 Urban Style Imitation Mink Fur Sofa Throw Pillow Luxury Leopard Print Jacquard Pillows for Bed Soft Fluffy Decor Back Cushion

* * *

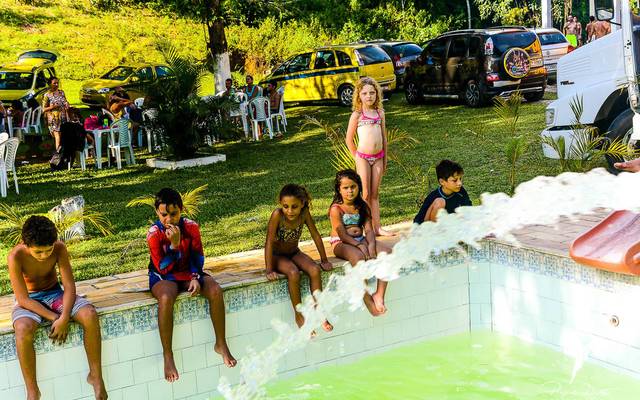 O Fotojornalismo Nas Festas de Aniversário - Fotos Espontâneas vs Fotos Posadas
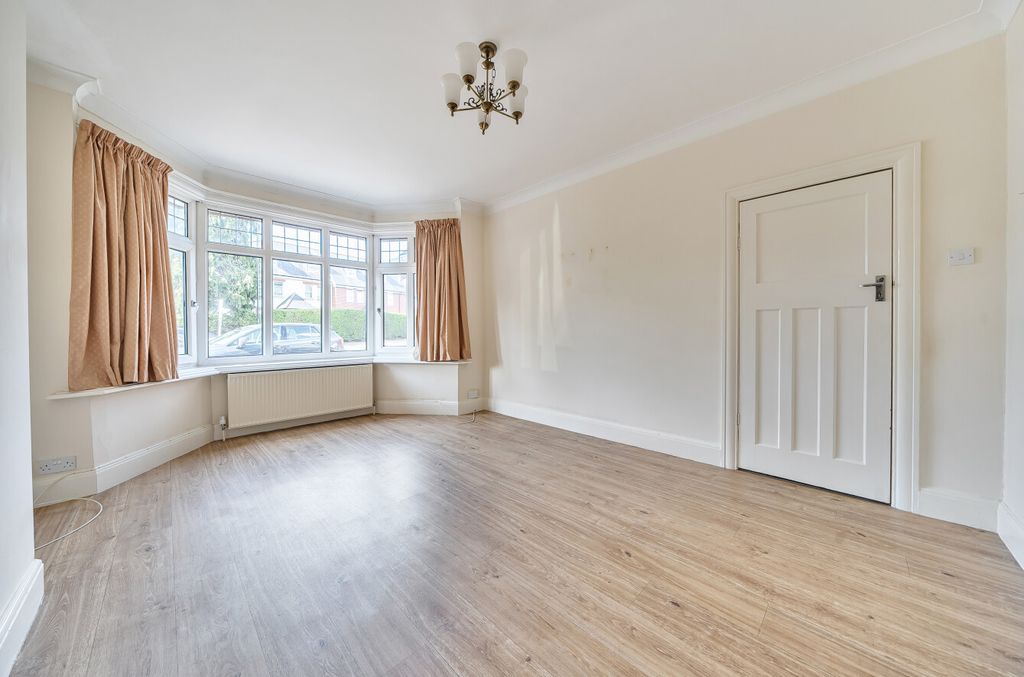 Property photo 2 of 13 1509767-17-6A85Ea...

--

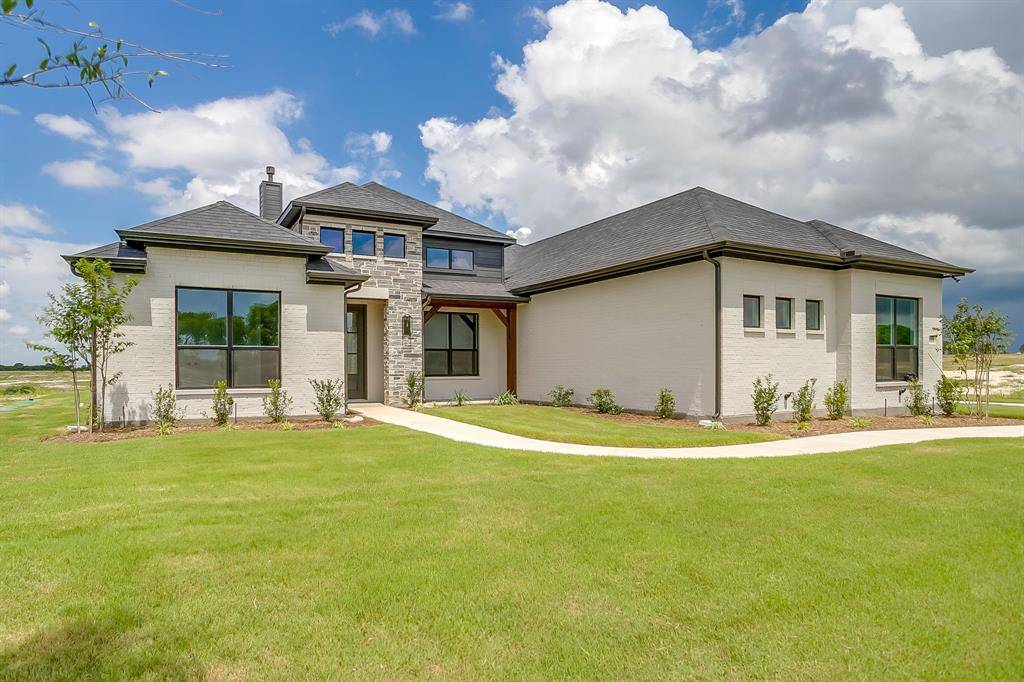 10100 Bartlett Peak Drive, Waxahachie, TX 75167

* Activity *
Given the entries above, transcribe exactly the lines from the one holding "O Fotojornalismo Nas" through the one holding "Property photo 2 of 13 1509767-17-6A85Ea..."; pictures do not belong in the transcription.

* Response box *
 O Fotojornalismo Nas Festas de Aniversário - Fotos Espontâneas vs Fotos Posadas
 Property photo 2 of 13 1509767-17-6A85Ea...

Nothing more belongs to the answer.